> **TASK DIRECTIONS**: Your answer should be an exact copy of the lines from the one containing "X0000085740776200703231109" through the last line of the records below, without any pictures.
*** Opening of DATASET RECORDS ***
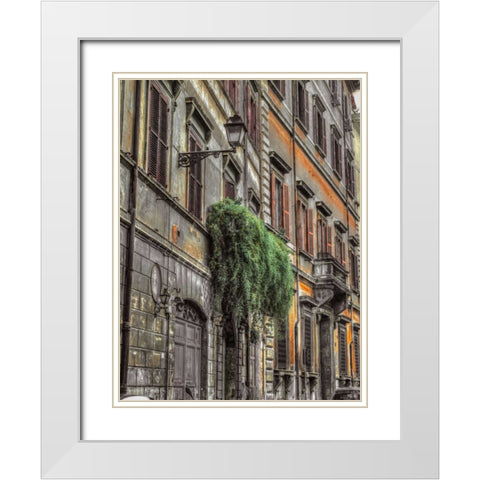 Old building in city of Rome, Italy White Modern Wood Framed Art Print with Double Matting by Frank, Assaf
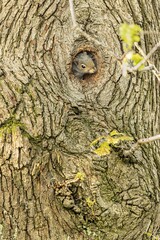 Wall Mural - Inquisitive grey squirrel perched in a hole in a tree, surrounded by lush green grass and foliage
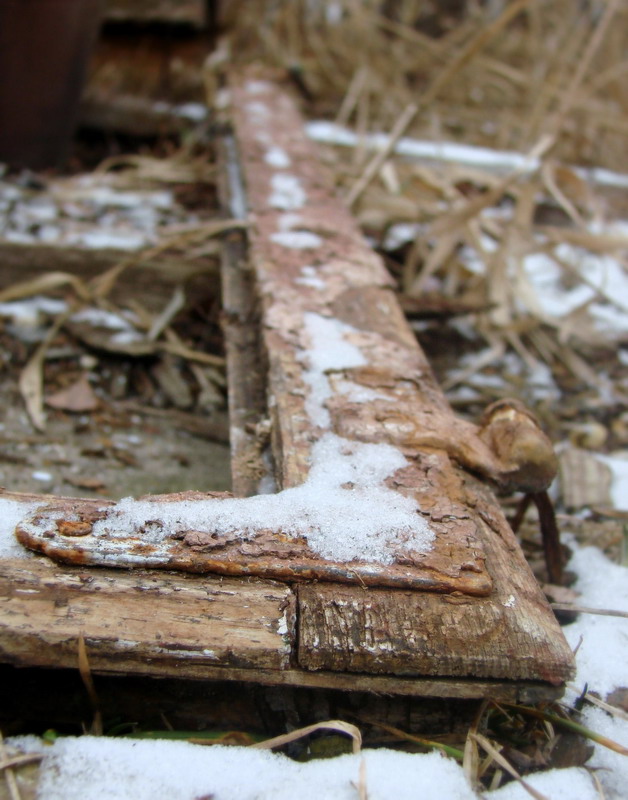 Wczytywanie Obrazu...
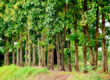A row of tropical trees with green leaves - Wood for furnitures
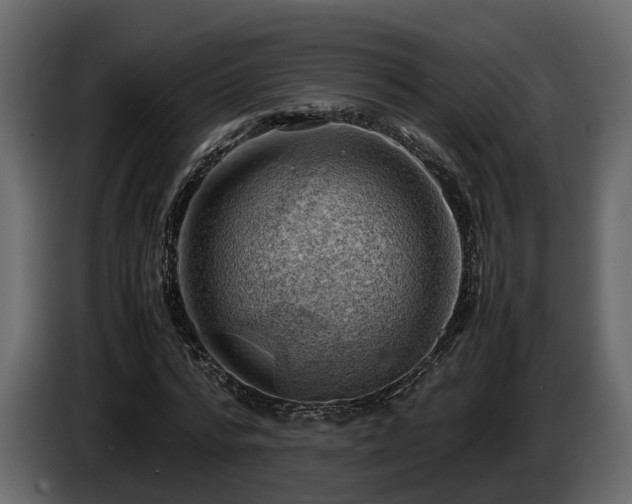 X0000085740776200703231109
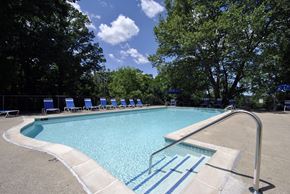 Ann Arbor apartment for rent - A swimming pool surrounded by trees and blue lounge chairs.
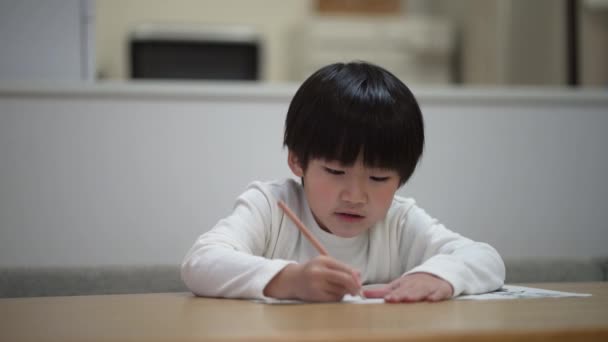 Image Boy Studying Home — Video Stock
*** Close of DATASET RECORDS ***
> **RESPONSE TO THE TASK**:
 X0000085740776200703231109
 Ann Arbor apartment for rent - A swimming pool surrounded by trees and blue lounge chairs.
 Image Boy Studying Home — Video Stock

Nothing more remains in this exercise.